Artistes : On vous a dit ici tout le bien qu’on pensait de Mud. Sans remettre en cause l’immense prestation de Matthew Mc Conaughey, qui entre direct dans le Panthéon des grandes figures de l’Americana, à la fois ange et démon, il ne faudrait pas passer sous silence celle d’un autre revenant : Sam Shepard. Dans le rôle d’une figure paternelle d’abord inquiétante, puis mutique, enfin bienveillante, il ravive en nous le souvenir du grand bonhomme qu’il a été. Et nous fait regretter avec une pointe de nostalgie que les cowboys appartiennent désormais à un monde révolu ….Car Sam Shepard – on l’a un peu oublié – ce n’est pas seulement un acteur, une présence charismatique, c’est aussi – et avant tout – un écrivain. Nouvelles, poésies, scénarios, pièces de théâtre, pas un genre n’a échappé à sa plume, si ce n’est le roman.
En 5 films essentiels, Sam Shepard a bâti sa légende. Sa filmographie comporte beaucoup de navets ou de rôles alimentaires. Mais qui dit mieux : 5 films, une légende ? James Dean, peut-être ?
Zabriskie Point (1967) : LE grand film sur l’Amérique, qui fixe définitivement l’iconographie et l’imaginaire de l’Ouest californien. A la fois manifeste esthétique radical et magistrale critique du consumérisme, Sam Shepard ne pouvait pas ne pas en être. Il co-signe le scénario avec Clara Peploe, le maestro et son complice Tonino Guerra.
Paris Texas (1984) : Le film qui l’a rendu archi-célèbre.

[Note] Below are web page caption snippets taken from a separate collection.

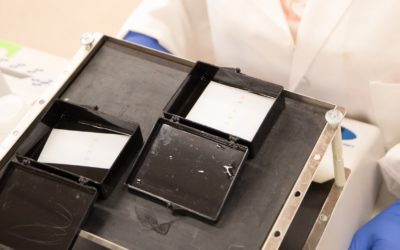 Researcher in the lab working on western blot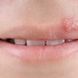 Herpes-Symptome: So zeigt sich Herpes an der Lippe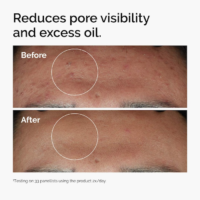 The Ordinary Niacinamide 10% + Zinc 1% - 30ml - Imagen 2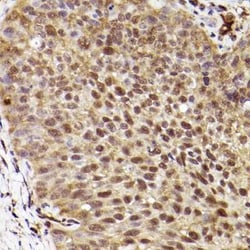 ERK1 Rabbit anti-Human, Mouse, Rat, Clone: 0B0C1, Novus Biologicals 100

Paradoxalement, il n’y joue pas, il en a « juste » signé le scénario et les dialogues. Road-movie, roman familial, quête des origines, une œuvre à part, marquée par la musique de Ry Cooder et la lumière de Robby Muller. Et la beauté de Nastassja Kinski. Un morceau d’Amérique pop et mélancolique à lui tout seul.
Les Moissons du ciel (1978). Muet, granitique, il incarne la statue du Commandeur – certes mourant. De par sa stature, il s’impose comme le riche fermier, atteint d’une maladie incurable. D’où une sourde mélancolie qui imprègne ses faits et gestes. Le charisme à l’état pur.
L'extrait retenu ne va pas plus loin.